Exercise details:
Would you transcribe exactly the lines from the one containing "Kew's Global Kitchen" to the last line of the data below, both ends included, but none of the pictures?
____ Given data
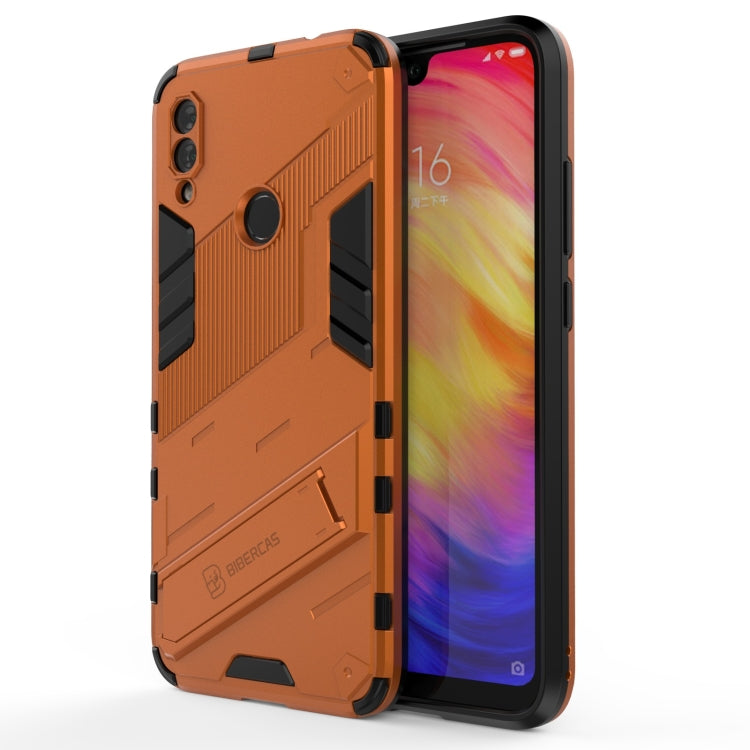 Custodia antiurto TPU con supporto per Xiaomi Redmi 9A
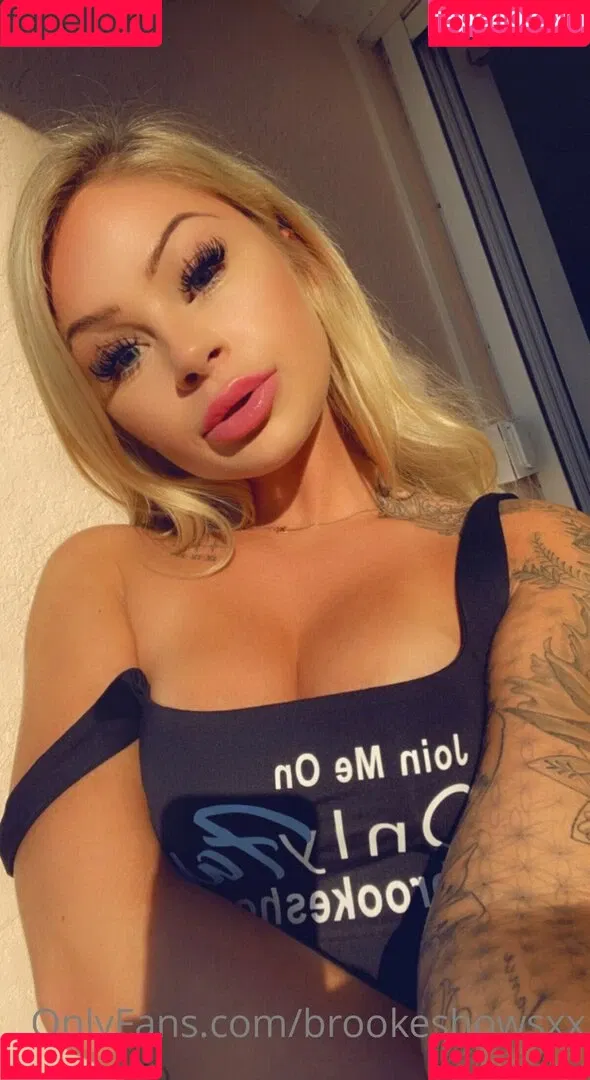 brookeshowsxx Onlyfans Photo Gallery 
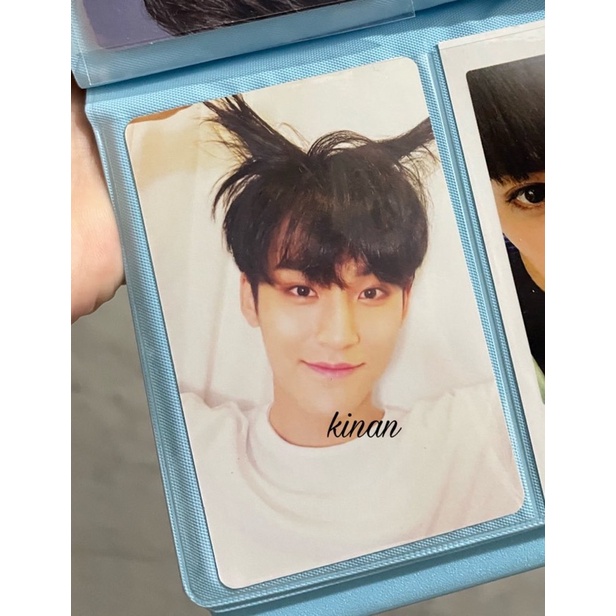 GYUTENA / MINGYU ANTENA / MINGYU PHOTOCARD TEEN AGE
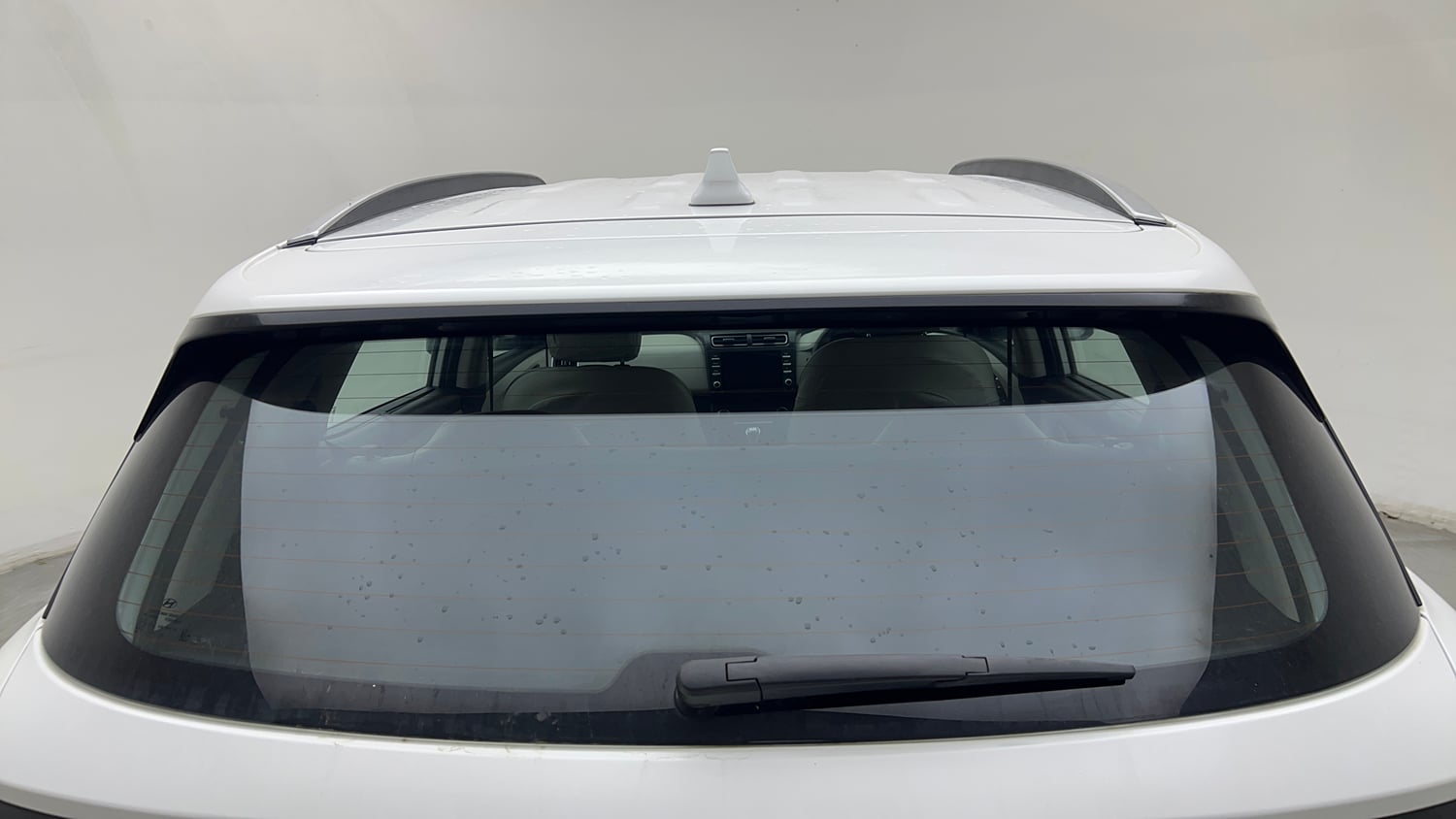 Used 2021 Hyundai Creta S 1.5 Petrol Petrol Manual exterior BACK WINDSHIELD VIEW
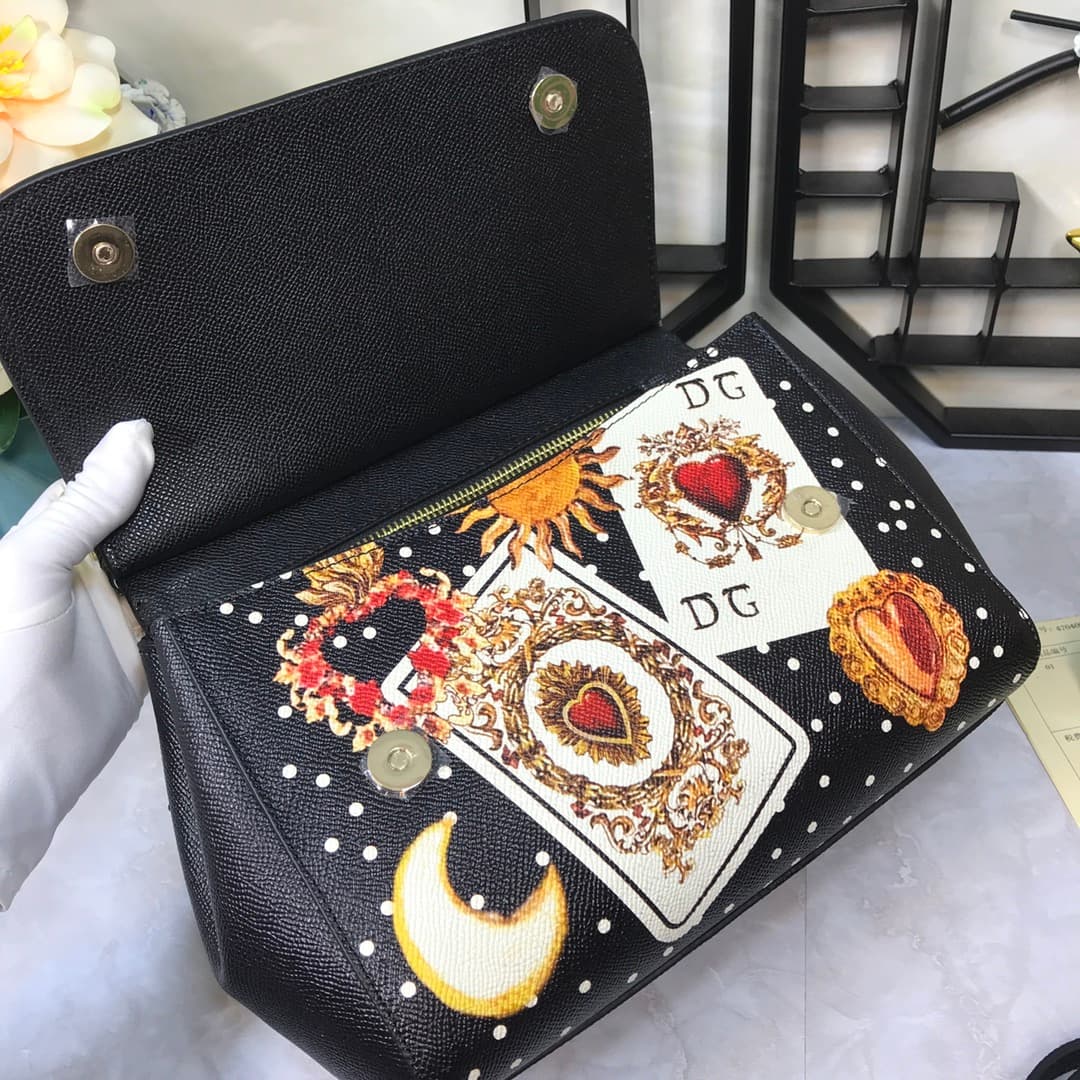 DG复刻 Crossbody Bag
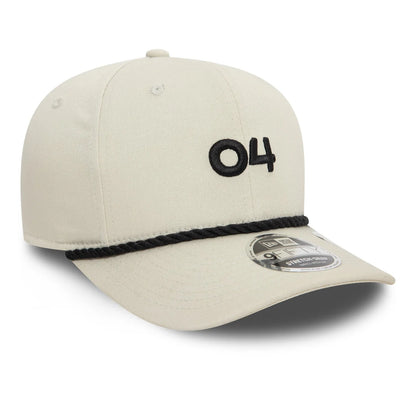 Gorra Lando Norris  Beige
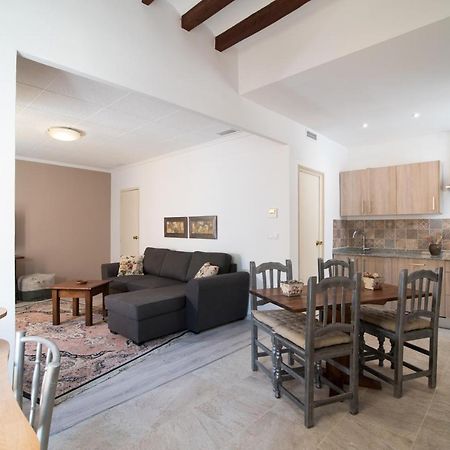 Vintage Casco Historico Apartment อาลิกันเต ภายนอก รูปภาพ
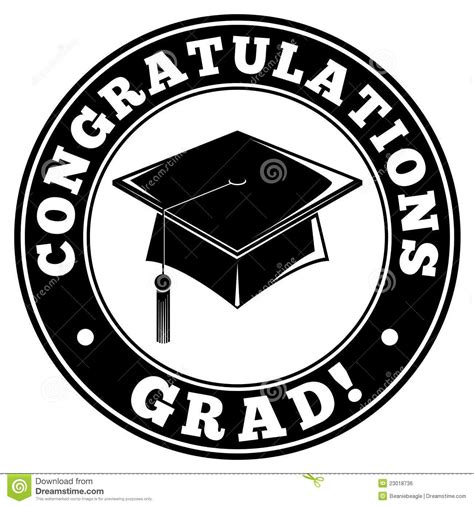 Congratulations Grad | Graduation clip art, Congratulations graduate ...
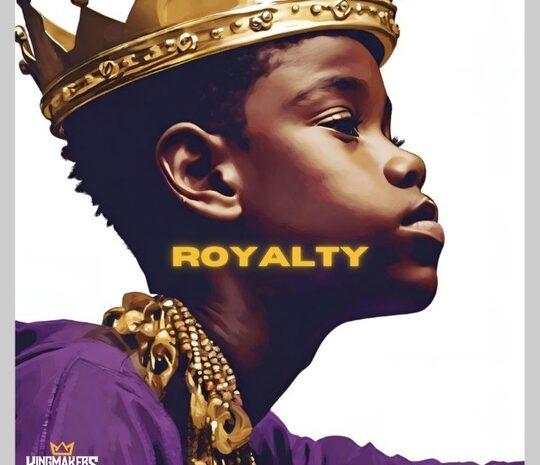  ‘Royalty’ album drop January 26th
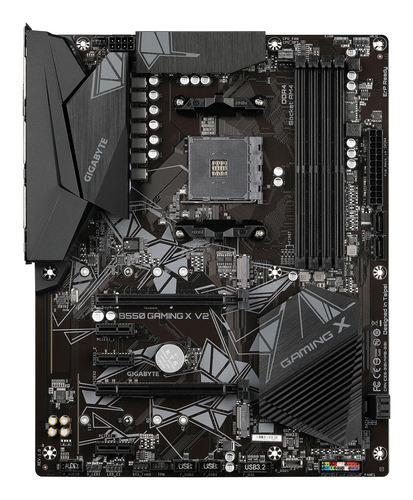 Gigabyte B550 GAMING X V2 ATX AM4 Motherboard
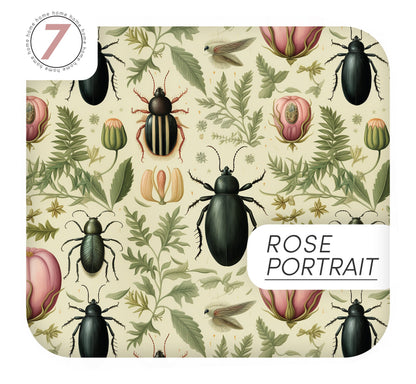 Maximalism Decor Beetle Vinyl Wrap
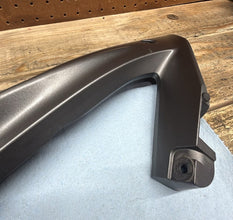 2008-2016 YAMAHA YZF R6 - LEFT FRONT UPPER MID SIDE FAIRING COWL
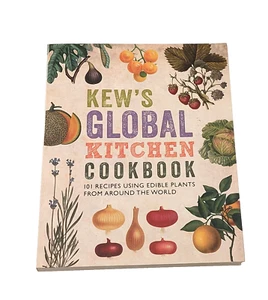 Kew's Global Kitchen Cookbook-Carolyn Fry - VERY GOOD - Bild 1 von 3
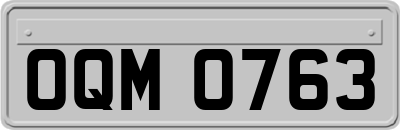 OQM0763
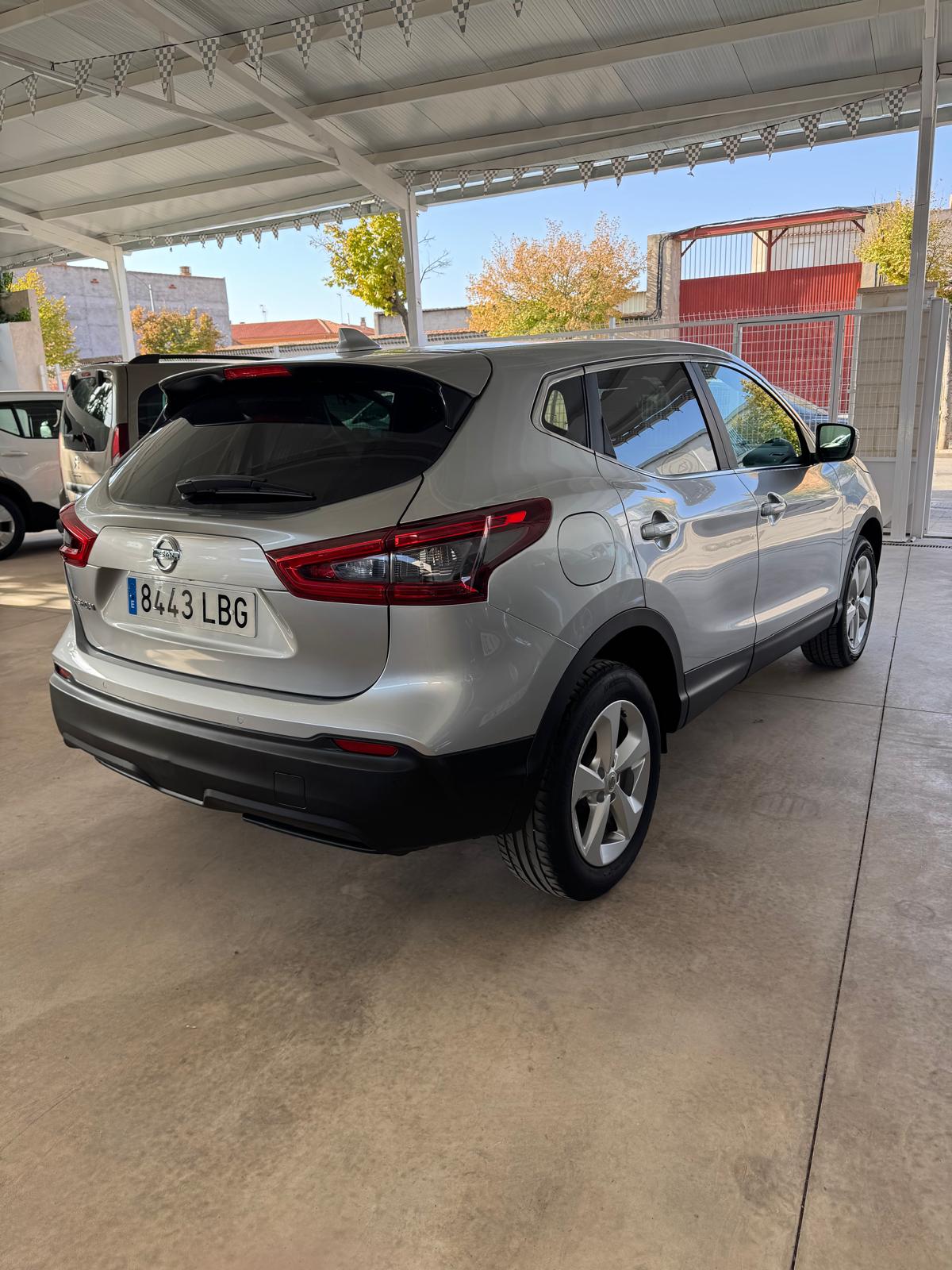 NISSAN QASHQAI 1.5 DCI 115Cv
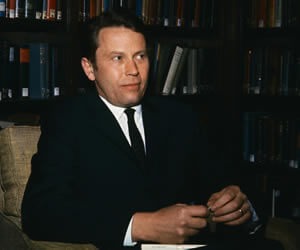 Richard Wilbur - images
________
Finished task:
 Kew's Global Kitchen Cookbook-Carolyn Fry - VERY GOOD - Bild 1 von 3
 OQM0763
 NISSAN QASHQAI 1.5 DCI 115Cv
 Richard Wilbur - images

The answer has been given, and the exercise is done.